I diligently watched for the turnoff and was pretty sure I had found it when I spotted a fairly large dirt road which appeared to be used for logging.  Of course, it was an extremely sharp curve back to my right, which was difficult to see from the RV.  I had slowed down significantly, and would be able to make the turn (barely), but I couldn’t really make out the signs because they were facing oncoming traffic instead of my direction.

The thing with driving a 31’ RV with a “toad” (a towed vehicle), means  that you are nearly as long a semi truck but with significantly less maneuverability.   Therefore, you ABSOLUTELY MUST know you have a good turnaround or a visible “in” AND “out” path before committing to a turn onto a road or into a parking lot.  In this case, not only was I lacking every last one of those things, but I did not even have a clear view of the road.

Along regular paved roads that wind through the valleys between mountains, one occasionally spots businesses, but due to the lack of flat terrain, their parking lots are very small so you can’t pull into them to turn around.  Furthermore, what few side roads might exist generally are not suited at all for “making the block” to turn around.  So, if you miss your turn somewhere, you might just have to give it a miss and continue on with your journey.  It may be hours before you find somewhere large enough to turn around which makes for an expensive miscalculation in navigation, as fuel for an RV is not cheap.

Committing to the Turn

I felt like I owed it to my sister-in-law for giving me the book to at least do my best to try to hit a spring or two along the way.  After this section of my journey, the springs would become pretty sparse.

With that in mind, being fairly certain of the turn I should make, and remembering the “roads easily accessible with ‘any type’ of vehicle” description in the guidebook, I committed to the turn onto the logging road.

What befell my eyes about half-way into the tricky right-hand turn was a large dirt road that split off into another smaller road.  I paused for a moment to examine my options, hoping that there would be no traffic coming around the blind corner from behind me on the main road – or for that matter, on-coming traffic from either road.  I had to swing far into the left-hand lane in order to execute the roughly 120 degree turn.  The large dirt road that lay before me was marked with a prominent sign.  It indicated that the road was a very active logging road that operated all days of the week.  It went on to say that the logging vehicles had the right of way in all cases and to take particular care if traveling it.  It also mentioned that the logging trucks were in communication by radio in the area.  I didn’t understand at the time why this was important.  The other, smaller road was unmarked.

I was looking for a forestry road and had apparently found one in the spot where I expected to find it, but where was the sign for the hot spring?  Crap.  Did I pick the wrong turn?  I realized that there wasn’t really another option but to continue since  I was half in and half out of the turn.  Backing up such a rig is not an option due to the number of pivot points.  You can eek out a couple of feet if you are very careful and can maybe get yourself out of a very tight pinch, but practically speaking, there is no such thing as “backing up.”

Did I Make a Wrong Turn?

With no other option but forward, I gingerly pulled onto the larger of the two dirt roads which quickly began ascending a hill.  Had I really screwed up?  What if this road was in such serious disrepair that I either A) could not make it through, B) could not find a turnaround, or C) got myself into serious trouble for being on a very active private lumber road?  It wasn’t exactly like I could “blend in” and look like one of the locals in a 31’ Class C RV named “Eddie” while towing a Prius.  Worse yet – what if I had to try to turn around and got stuck and while unhooking the Prius only to be turned into a grease spot by a logging truck?

Some of these fears were put to rest about 50’ ahead where I saw a very cheery looking blue sign indicating the spring was, indeed, down this road.  Whew!  At least I was headed in the right direction.

The sign seemed to say to me that I could do it, and to not worry my pretty little head over such matters.
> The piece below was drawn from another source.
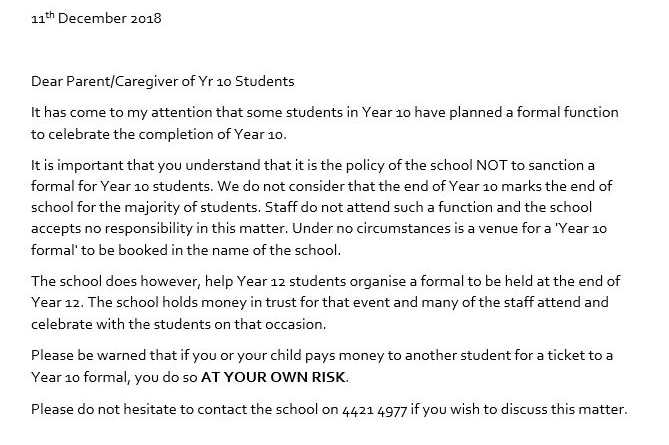 Image of letter sent to Nowra High parents.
With a sigh of relief, I depressed the gas pedal and began slowly to climb the hill.

“Two Hours, Tops”

The sign had indicated that it was about 24 kilometers to the spring, but that was only about, what?, say 15 miles or so?  I estimated that would be about half an hour’s travel on a dirt road of this quality.  No big deal.  I’d be in and out in an hour and a half.  Half an hour traveling in, half an hour at the spring, and half an hour coming back out.  “Two hours, tops,” I had told myself.

What the road looked like with two lanes.

What the road looked like in the beginning with two lanes.

What manifested itself was not that plan.  After a short distance, I noticed that the very wide two-lane road I had been traveling began to get narrower.  “No worries,” I thought. “There are still two good full lanes and it’s not like it’s a busy road.”  The two full lanes then became a lane and a half, which was extremely nerve-racking.  The terrain had become more hilly and was starting to get pretty bumpy.

The first time a fully loaded logging truck came barreling past me at what was – and I swear I’m not exaggerating this – 70 mph, I was scared stiff.  Holy Shit!  When I quickly darted into a widened area in the road to avoid said logging truck, I realized that the turnout was barely large enough to fit the length of Eddie and the Prius as the logging truck passed us at 70 mph (did I mention yet it was going about 70 mph?).

I threw on my brakes to halt our forward progress as there was no more road ahead of me.  Eddie came screeching to a halt – sort of – as the wheels then did the equivalent of hydroplaning on water (except this was gravel and dirt), and the entire RV surged forward about 15 feet further than I expected.  With all of the dust created by the passing logging truck, visibility had dropped to mere inches.

When the dust settled, I could see that we had stopped just short of the edge of the turnout, narrowly avoiding catastrophe.  Man, that was a long way down that hill!  I was already going pretty slowly down this road, but I resolved to slow down even further.  It may take me a few more minutes to get there and back, but I figured it was a fair trade for our survival.

After the dust settled, this is a quick snapshot I took leaning over the passenger seat to show just how close we came to the edge.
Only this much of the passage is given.